Lines in the listing under this task are to be copied exactly.
START RECORDS TO PROCESS
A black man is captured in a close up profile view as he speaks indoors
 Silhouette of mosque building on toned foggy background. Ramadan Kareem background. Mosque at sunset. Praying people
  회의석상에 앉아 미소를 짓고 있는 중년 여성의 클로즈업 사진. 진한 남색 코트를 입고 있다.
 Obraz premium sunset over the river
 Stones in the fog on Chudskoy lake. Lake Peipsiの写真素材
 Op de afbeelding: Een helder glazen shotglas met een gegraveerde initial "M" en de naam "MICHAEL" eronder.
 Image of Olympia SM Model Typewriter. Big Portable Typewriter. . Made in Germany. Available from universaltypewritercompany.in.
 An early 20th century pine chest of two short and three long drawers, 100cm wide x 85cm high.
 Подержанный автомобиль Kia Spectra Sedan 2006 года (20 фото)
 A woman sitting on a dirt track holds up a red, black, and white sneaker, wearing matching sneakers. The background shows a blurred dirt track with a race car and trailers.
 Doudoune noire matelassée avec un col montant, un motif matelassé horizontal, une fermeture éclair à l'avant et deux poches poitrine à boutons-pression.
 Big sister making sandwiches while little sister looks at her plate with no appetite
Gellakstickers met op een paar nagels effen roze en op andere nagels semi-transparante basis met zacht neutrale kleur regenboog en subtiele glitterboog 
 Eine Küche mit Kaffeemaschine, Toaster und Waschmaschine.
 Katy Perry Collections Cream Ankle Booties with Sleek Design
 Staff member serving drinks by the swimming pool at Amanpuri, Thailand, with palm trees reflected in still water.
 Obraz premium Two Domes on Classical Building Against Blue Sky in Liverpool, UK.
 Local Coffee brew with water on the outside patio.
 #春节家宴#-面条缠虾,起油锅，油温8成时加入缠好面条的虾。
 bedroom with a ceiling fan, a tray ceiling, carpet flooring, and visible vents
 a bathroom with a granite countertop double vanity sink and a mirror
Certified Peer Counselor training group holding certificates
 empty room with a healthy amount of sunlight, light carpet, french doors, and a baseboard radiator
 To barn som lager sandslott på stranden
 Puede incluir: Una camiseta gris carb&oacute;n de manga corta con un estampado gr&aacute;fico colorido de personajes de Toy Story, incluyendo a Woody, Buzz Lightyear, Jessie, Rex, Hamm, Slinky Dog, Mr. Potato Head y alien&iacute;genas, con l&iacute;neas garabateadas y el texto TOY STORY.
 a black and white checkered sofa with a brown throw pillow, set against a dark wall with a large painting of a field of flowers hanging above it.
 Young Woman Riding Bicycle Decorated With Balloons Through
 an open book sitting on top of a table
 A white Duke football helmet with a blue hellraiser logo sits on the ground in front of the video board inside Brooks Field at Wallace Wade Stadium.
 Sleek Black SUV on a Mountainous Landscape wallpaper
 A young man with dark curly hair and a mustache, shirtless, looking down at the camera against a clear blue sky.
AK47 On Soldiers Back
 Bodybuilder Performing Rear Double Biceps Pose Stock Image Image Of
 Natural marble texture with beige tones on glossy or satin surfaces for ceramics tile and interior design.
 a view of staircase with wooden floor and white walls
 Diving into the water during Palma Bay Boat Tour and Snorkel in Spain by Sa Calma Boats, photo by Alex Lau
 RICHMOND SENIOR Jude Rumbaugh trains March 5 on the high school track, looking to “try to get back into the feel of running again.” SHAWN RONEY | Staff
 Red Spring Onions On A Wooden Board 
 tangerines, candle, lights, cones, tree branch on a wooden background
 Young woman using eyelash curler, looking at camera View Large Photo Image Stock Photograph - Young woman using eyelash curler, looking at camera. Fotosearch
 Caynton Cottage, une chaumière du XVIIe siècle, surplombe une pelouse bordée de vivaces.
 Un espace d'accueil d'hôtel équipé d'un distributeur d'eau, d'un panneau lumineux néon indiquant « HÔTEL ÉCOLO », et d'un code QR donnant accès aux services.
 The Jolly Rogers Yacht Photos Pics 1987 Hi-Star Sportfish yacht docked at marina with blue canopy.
END RECORDS TO PROCESS
→ **FINISHED EXERCISE**:
A black man is captured in a close up profile view as he speaks indoors
 Silhouette of mosque building on toned foggy background. Ramadan Kareem background. Mosque at sunset. Praying people
  회의석상에 앉아 미소를 짓고 있는 중년 여성의 클로즈업 사진. 진한 남색 코트를 입고 있다.
 Obraz premium sunset over the river
 Stones in the fog on Chudskoy lake. Lake Peipsiの写真素材
 Op de afbeelding: Een helder glazen shotglas met een gegraveerde initial "M" en de naam "MICHAEL" eronder.
 Image of Olympia SM Model Typewriter. Big Portable Typewriter. . Made in Germany. Available from universaltypewritercompany.in.
 An early 20th century pine chest of two short and three long drawers, 100cm wide x 85cm high.
 Подержанный автомобиль Kia Spectra Sedan 2006 года (20 фото)
 A woman sitting on a dirt track holds up a red, black, and white sneaker, wearing matching sneakers. The background shows a blurred dirt track with a race car and trailers.
 Doudoune noire matelassée avec un col montant, un motif matelassé horizontal, une fermeture éclair à l'avant et deux poches poitrine à boutons-pression.
 Big sister making sandwiches while little sister looks at her plate with no appetite
Gellakstickers met op een paar nagels effen roze en op andere nagels semi-transparante basis met zacht neutrale kleur regenboog en subtiele glitterboog 
 Eine Küche mit Kaffeemaschine, Toaster und Waschmaschine.
 Katy Perry Collections Cream Ankle Booties with Sleek Design
 Staff member serving drinks by the swimming pool at Amanpuri, Thailand, with palm trees reflected in still water.
 Obraz premium Two Domes on Classical Building Against Blue Sky in Liverpool, UK.
 Local Coffee brew with water on the outside patio.
 #春节家宴#-面条缠虾,起油锅，油温8成时加入缠好面条的虾。
 bedroom with a ceiling fan, a tray ceiling, carpet flooring, and visible vents
 a bathroom with a granite countertop double vanity sink and a mirror
Certified Peer Counselor training group holding certificates
 empty room with a healthy amount of sunlight, light carpet, french doors, and a baseboard radiator
 To barn som lager sandslott på stranden
 Puede incluir: Una camiseta gris carb&oacute;n de manga corta con un estampado gr&aacute;fico colorido de personajes de Toy Story, incluyendo a Woody, Buzz Lightyear, Jessie, Rex, Hamm, Slinky Dog, Mr. Potato Head y alien&iacute;genas, con l&iacute;neas garabateadas y el texto TOY STORY.
 a black and white checkered sofa with a brown throw pillow, set against a dark wall with a large painting of a field of flowers hanging above it.
 Young Woman Riding Bicycle Decorated With Balloons Through
 an open book sitting on top of a table
 A white Duke football helmet with a blue hellraiser logo sits on the ground in front of the video board inside Brooks Field at Wallace Wade Stadium.
 Sleek Black SUV on a Mountainous Landscape wallpaper
 A young man with dark curly hair and a mustache, shirtless, looking down at the camera against a clear blue sky.
AK47 On Soldiers Back
 Bodybuilder Performing Rear Double Biceps Pose Stock Image Image Of
 Natural marble texture with beige tones on glossy or satin surfaces for ceramics tile and interior design.
 a view of staircase with wooden floor and white walls
 Diving into the water during Palma Bay Boat Tour and Snorkel in Spain by Sa Calma Boats, photo by Alex Lau
 RICHMOND SENIOR Jude Rumbaugh trains March 5 on the high school track, looking to “try to get back into the feel of running again.” SHAWN RONEY | Staff
 Red Spring Onions On A Wooden Board 
 tangerines, candle, lights, cones, tree branch on a wooden background
 Young woman using eyelash curler, looking at camera View Large Photo Image Stock Photograph - Young woman using eyelash curler, looking at camera. Fotosearch
 Caynton Cottage, une chaumière du XVIIe siècle, surplombe une pelouse bordée de vivaces.
 Un espace d'accueil d'hôtel équipé d'un distributeur d'eau, d'un panneau lumineux néon indiquant « HÔTEL ÉCOLO », et d'un code QR donnant accès aux services.
 The Jolly Rogers Yacht Photos Pics 1987 Hi-Star Sportfish yacht docked at marina with blue canopy.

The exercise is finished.